Persistent vector search over a long-lived document corpus.

Source of Truth

The authoritative implementation is VisoRAG_v8_Final (1).ipynb. This clean repository was built from that notebook only. Older sibling files from the original workspace are intentionally excluded because they were stale derived artifacts.

The Python package in src/visorag/ is the contributor-friendly extraction of the notebook behavior. It must preserve the notebook contracts unless a documented migration updates both the notebook and tests.

Features

Vision-first document QA without OCR-first text extraction.
PDF, DOCX, PNG, JPG, and JPEG input support in the real GPU runtime.
ColQwen2 page embeddings and Qdrant in-memory multivector MaxSim retrieval.
Local Qwen2.5-VL answer generation with deterministic generation settings.
Flat JSON responses for extraction mode.
FastAPI app factory and CLI for local serving and testing.
CI-friendly tests that mock heavy GPU/model work.

Install Modes

Install	Use it for	Does not include
`python -m pip install -e ".[dev]"`	Static checks, notebook contract, API tests, mocked pipeline tests	ColQwen2/Qwen2.5-VL runtime validation
`python -m pip install -e ".[gpu]"`	Real visual retrieval and generation on CUDA	Production auth, hosting, monitoring
DOCX support	Requires LibreOffice `soffice` on `PATH`	Not needed for PDF/image input

Quickstart

Clone the repository and run the lightweight verification path:

git clone https://github.com/RossDmello2/visualdocqa-kit.git
cd visualdocqa-kit
python -m pip install -e ".[dev]"
python scripts/check_notebook_contract.py
python scripts/smoke_import.py
python -m pytest

What this proves: the notebook still matches the expected contract, the package imports without loading GPU models, and API/pipeline behavior passes mocked tests. It does not prove real model inference.

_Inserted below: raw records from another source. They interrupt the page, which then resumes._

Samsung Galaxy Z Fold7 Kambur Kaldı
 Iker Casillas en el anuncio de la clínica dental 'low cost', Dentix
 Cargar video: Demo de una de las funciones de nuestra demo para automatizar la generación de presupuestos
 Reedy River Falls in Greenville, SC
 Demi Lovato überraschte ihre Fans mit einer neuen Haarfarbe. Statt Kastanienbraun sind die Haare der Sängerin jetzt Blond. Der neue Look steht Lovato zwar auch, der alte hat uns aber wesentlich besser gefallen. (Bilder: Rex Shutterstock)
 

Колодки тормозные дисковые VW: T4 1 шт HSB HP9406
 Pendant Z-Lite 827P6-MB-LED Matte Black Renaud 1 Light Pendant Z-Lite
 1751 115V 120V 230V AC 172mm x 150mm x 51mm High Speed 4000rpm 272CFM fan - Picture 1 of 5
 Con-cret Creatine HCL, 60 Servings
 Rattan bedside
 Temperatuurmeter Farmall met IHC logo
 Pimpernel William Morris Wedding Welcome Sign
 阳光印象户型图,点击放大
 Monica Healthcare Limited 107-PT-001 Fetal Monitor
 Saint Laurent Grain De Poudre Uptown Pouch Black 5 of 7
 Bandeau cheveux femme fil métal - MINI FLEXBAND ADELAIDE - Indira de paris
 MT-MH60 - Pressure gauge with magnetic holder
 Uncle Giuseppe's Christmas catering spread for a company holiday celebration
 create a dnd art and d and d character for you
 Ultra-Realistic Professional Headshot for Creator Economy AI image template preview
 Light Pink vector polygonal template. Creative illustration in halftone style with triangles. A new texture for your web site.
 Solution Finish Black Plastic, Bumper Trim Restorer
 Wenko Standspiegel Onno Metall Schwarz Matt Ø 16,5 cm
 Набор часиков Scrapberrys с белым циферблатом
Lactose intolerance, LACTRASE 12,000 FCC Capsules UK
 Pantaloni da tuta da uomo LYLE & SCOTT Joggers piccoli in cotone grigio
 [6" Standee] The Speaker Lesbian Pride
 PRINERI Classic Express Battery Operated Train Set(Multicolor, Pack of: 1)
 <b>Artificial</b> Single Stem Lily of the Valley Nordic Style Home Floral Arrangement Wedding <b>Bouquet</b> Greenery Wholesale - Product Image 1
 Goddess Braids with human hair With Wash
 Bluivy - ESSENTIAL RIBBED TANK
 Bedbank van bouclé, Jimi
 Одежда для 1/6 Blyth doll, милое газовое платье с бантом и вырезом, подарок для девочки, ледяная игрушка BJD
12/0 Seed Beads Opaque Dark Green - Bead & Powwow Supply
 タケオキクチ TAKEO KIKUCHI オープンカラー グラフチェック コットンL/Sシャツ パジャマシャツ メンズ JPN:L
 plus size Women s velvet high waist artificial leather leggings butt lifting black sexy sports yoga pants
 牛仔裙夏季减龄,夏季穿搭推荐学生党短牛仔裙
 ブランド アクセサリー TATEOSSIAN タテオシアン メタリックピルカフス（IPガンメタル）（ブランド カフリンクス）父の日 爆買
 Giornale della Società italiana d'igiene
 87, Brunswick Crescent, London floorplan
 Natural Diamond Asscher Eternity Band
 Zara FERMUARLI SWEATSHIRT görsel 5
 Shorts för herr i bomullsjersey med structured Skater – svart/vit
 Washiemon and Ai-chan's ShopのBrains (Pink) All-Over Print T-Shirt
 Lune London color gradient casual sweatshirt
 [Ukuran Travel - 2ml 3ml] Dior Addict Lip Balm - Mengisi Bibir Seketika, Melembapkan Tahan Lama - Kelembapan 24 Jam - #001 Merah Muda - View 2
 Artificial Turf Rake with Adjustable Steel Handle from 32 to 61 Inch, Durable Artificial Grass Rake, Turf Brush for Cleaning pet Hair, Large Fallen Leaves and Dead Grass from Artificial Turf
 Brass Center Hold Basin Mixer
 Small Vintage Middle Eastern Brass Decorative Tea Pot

For real GPU inference, install the GPU extra in a CUDA environment:

python -m pip install -e ".[gpu]"

The notebook was designed around a CUDA GPU runtime such as Google Colab T4. The local Qwen2.5-VL generation path is not CPU-ready. No public sample document is bundled; use only synthetic or public documents when sharing screenshots or issues.

API Usage

Start the local API:

export VISORAG_API_TOKEN="change-me"
python -m visorag serve --host 127.0.0.1 --port 8000

PowerShell:

$env:VISORAG_API_TOKEN = "change-me"
python -m visorag serve --host 127.0.0.1 --port 8000

change-me and the built-in test token fallback are local-development placeholders, not deployment values. Always set a strong VISORAG_API_TOKEN before serving real documents.

Health check:

python -m visorag health --url http://127.0.0.1:8000

Submit a document:

python -m visorag query \
  --url http://127.0.0.1:8000 \
  --token "$VISORAG_API_TOKEN" \
  --file /path/to/document.pdf \
  --query "Extract total due and invoice number" \
  --query-type extraction \
  --top-k 5

FastAPI routes:

GET / returns service metadata.
GET /health returns model-load flags and device info.
POST /query accepts multipart file plus query, query_type, document_type, and top_k.

See docs/API_REFERENCE.md for status codes, request fields, and both API-layer and pipeline error shapes.

Response Contract

Extraction mode returns flat JSON:

{
  "total_due": 6610.95,
  "invoice_number": "BPXIN-00550"
}

Factual and summary modes return:

{
  "answer": "The total due is 6610.95."
}

Pipeline errors include request_id; API validation/auth errors may only include error and detail because the pipeline has not started yet.

Tech Stack

Layer	Technology
Language	Python 3.10+
API	FastAPI, Uvicorn
CLI	`argparse`, HTTPX
Visual retrieval	ColQwen2 via `colpali-engine`
Vector store	Qdrant in-memory multivector collection
Answer generation	Local `Qwen/Qwen2.5-VL-3B-Instruct`
Document rendering	PyMuPDF, Pillow, LibreOffice for DOCX conversion
Tests and checks	Pytest, Ruff, notebook JSON/AST contract checks

Architecture

flowchart LR
    A["Upload PDF, DOCX, or image"] --> B["Validate request"]
    B --> C["Render pages as images"]
    C --> D["Embed pages with ColQwen2"]
    D --> E["Index in per-request in-memory Qdrant"]
    F["User query"] --> G["Embed query with ColQwen2"]
    G --> H["Retrieve top visual pages"]
    E --> H
    H --> I["Generate answer with local Qwen2.5-VL"]
    I --> J["Flat JSON extraction or answer response"]

Runtime constraints:

Requests are serialized through a process-level query lock.
Uploads default to 25 MB.
Rendered documents default to 200 pages maximum.
Qdrant state is per request and in memory.
Uploaded files and rendered pages are temporary by default.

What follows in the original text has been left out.